DIRECTIONS FOR THIS TASK »
Each line from the one containing "Used 2018 RAM 1500 Limited AWD/4WD image 25" to the end of the data must be copied exactly, the first and last included; no other lines and no pictures belong in the copy.

---- DATASET EXCERPT

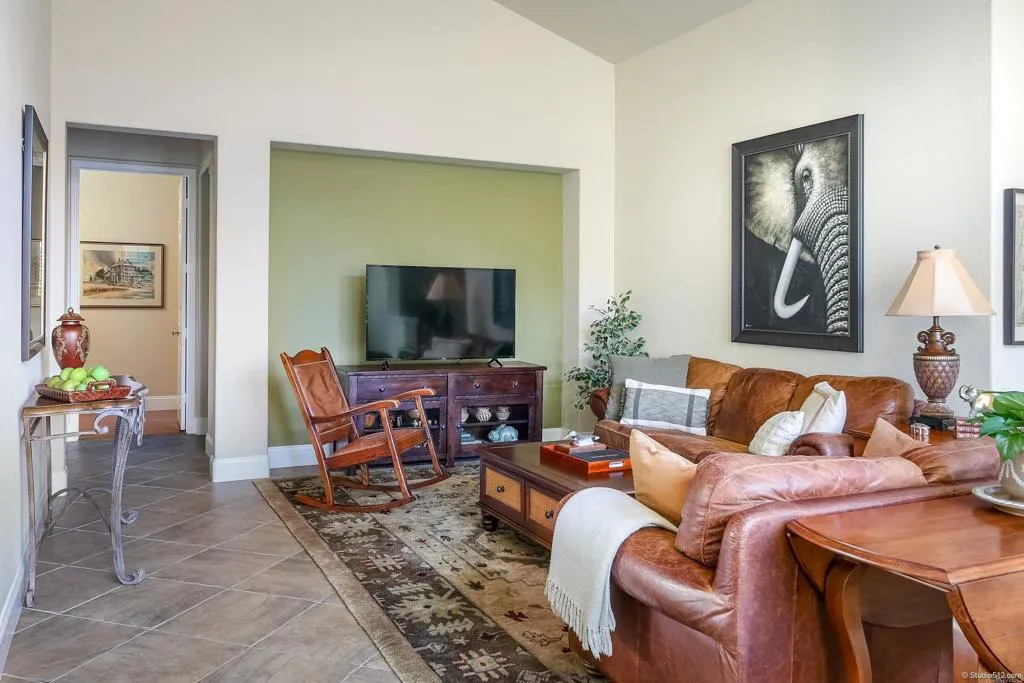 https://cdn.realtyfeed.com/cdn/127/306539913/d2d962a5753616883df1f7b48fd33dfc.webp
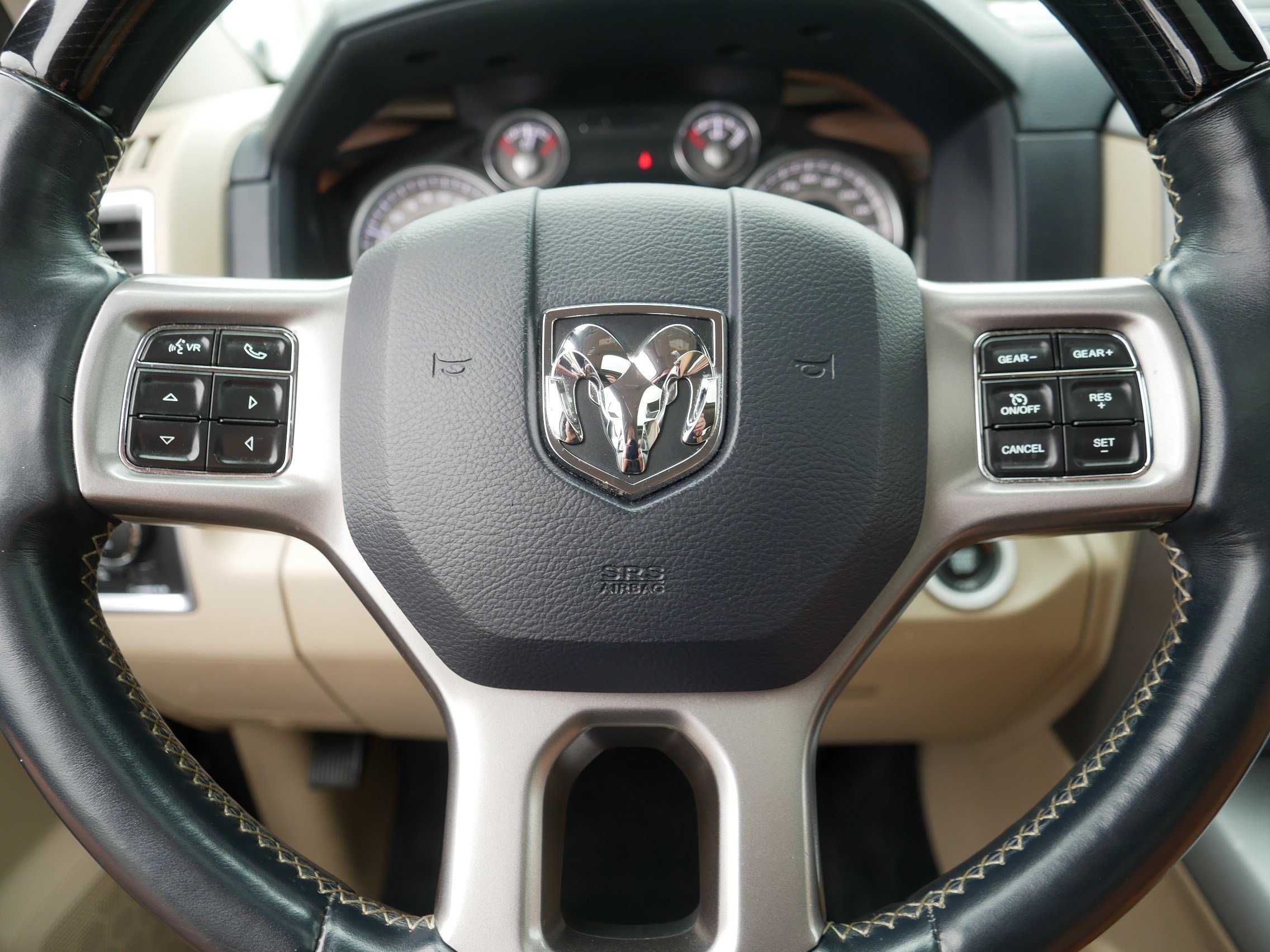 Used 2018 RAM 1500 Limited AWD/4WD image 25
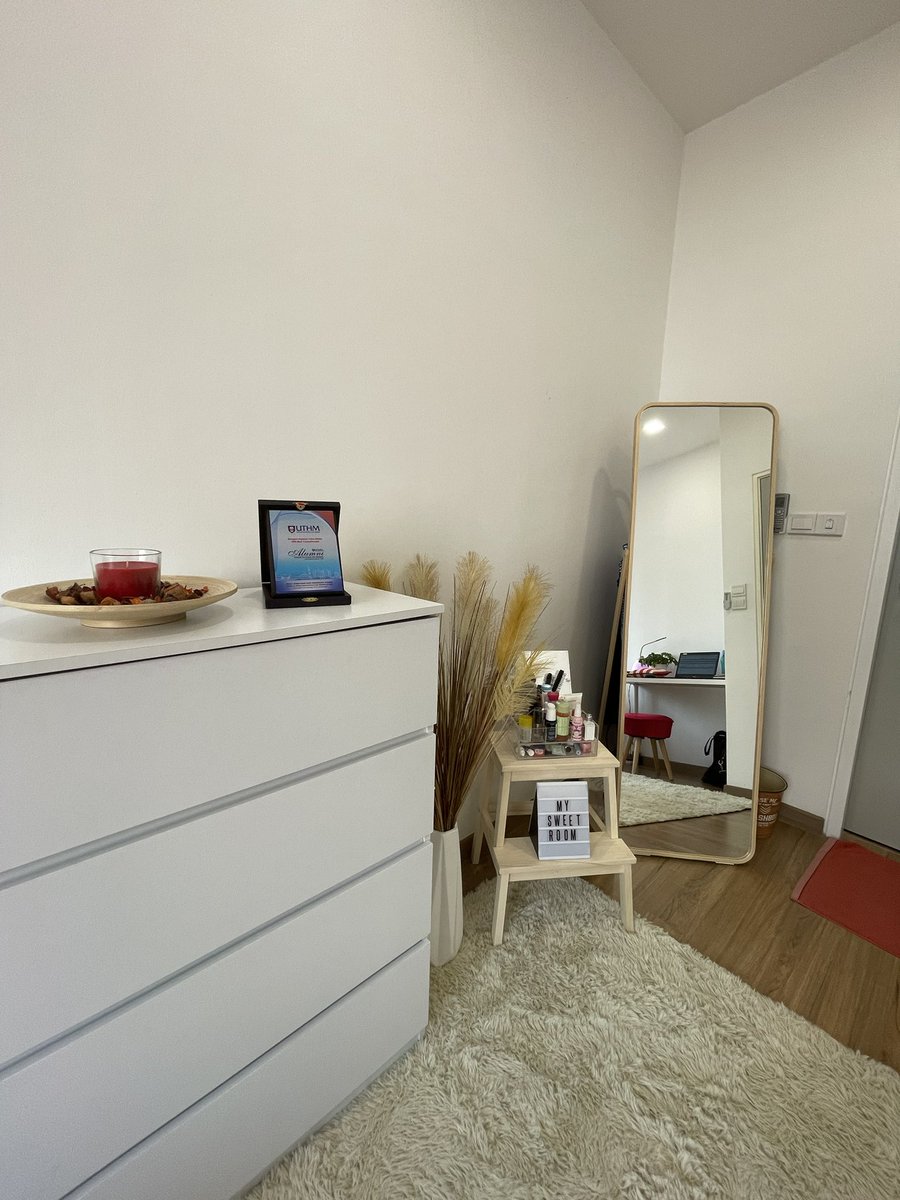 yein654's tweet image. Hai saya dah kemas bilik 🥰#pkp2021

--------

OUTPUT OF THE TASK »
 Used 2018 RAM 1500 Limited AWD/4WD image 25
 yein654's tweet image. Hai saya dah kemas bilik 🥰#pkp2021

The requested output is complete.